Demnach hat das Sozialministerium im Fall der Impfungen von den
Rechts- und Normverletzungen gewusst. «In mehreren Fällen wurde es
unterlassen, das Einhalten von Rechtsvorschriften für Impfungen und
Impfversuche einzufordern», schreiben die Wissenschaftlerinnen. Mit
hoher Wahrscheinlichkeit hätten einzelne Mitarbeiter des Ministeriums
auch von den Arzneimittelstudien gewusst. Möglich sei zudem, dass
Angestellte von Jugendämtern Kenntnisse von den Tests mit nicht
zugelassenen Medikamenten hatten. Es könne sein, dass die enge
Verbindung von Heimaufsicht, Psychiatrie und praktischer
Jugendfürsorge bestimmte Arzneimittelstudien erleichtert habe.

Sozialministerin Carola Reimann (SPD) nannte die Aufarbeitung der
Vergangenheit wichtig. «Der Blick auf diese noch gar nicht so lang
vergangenen Vorfälle gibt Anlass, auch heutige Schutzsysteme für
Menschen in Obhut von öffentlicher Verwaltung und die Dynamik von
Arzneimittelforschung kritisch zu hinterfragen», sagte sie.

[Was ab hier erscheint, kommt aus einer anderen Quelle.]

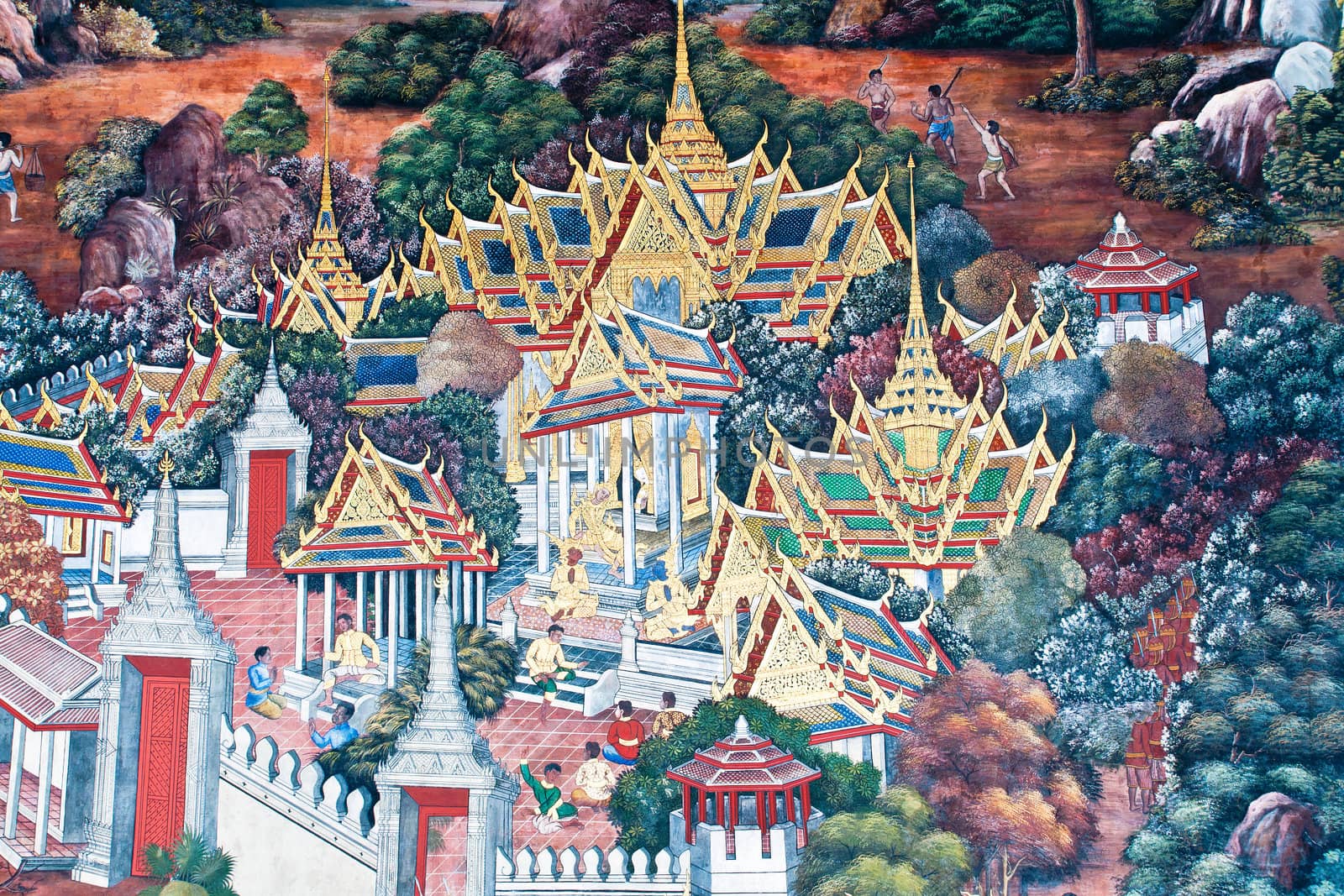 Thai Mural Painting on the wall, Wat Phra Kaew (Ramayana story). by Yuri2012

Auch für
die Betroffenen sei es wichtig, die damaligen Vorgänge transparent
und vollständig aufzuklären.

Die Fraktionsvorsitzende der Grünen im Landtag, Anja Piel, sagte, die
Ergebnisse zeigten ein erschreckendes Bild des jahrzehntelangen
Unrechts an Kindern und Jugendlichen. «Die erlittenen Qualen und das
anhaltende Leid der Betroffenen sind durch nichts wieder gut zu
machen. Umso wichtiger ist es, dass Täter, Mitwisser und beteiligte
Pharmaunternehmen identifiziert und nach Möglichkeit zur
Verantwortung gezogen werden.» Opfer müssten unbürokratisch und züg
ig
die ihnen zustehenden Entschädigungen erhalten.

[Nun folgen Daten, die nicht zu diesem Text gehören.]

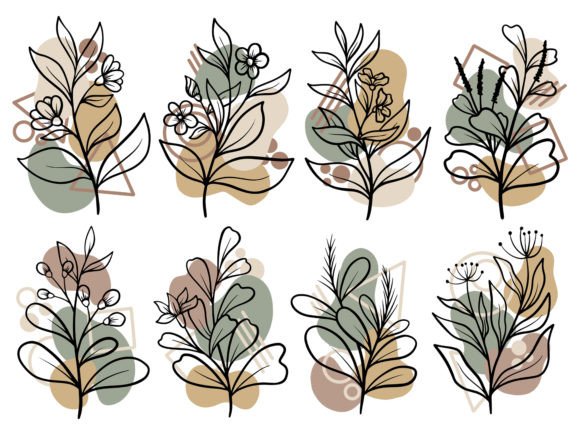 Download Botanical Line Art Flower and Leaves - Premium Resources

Das Ministerium verwies darauf, dass das Feld der
Arzneimittelforschung in der Bundesrepublik bis Ende der 1970er Jahre
weitgehend der Selbstkontrolle der Ärzteschaft und Pharmaindustrie
überlassen war. Demnach wurde der Schutz der Probanden erst durch die
Neufassung des Arzneimittelgesetzes explizit geregelt, die im Jahr
1978 in Kraft trat. Um die Medikamenten- und Impfversuche in
Niedersachsen vertiefend zu untersuchen, hat das Sozialministerium
ein weiteres Forschungsprojekt beauftragt. Dieses soll die
Auswirkungen auf die betroffenen Kinder und Jugendlichen sowie die
Rolle der öffentlichen Verwaltung in den Fokus nehmen.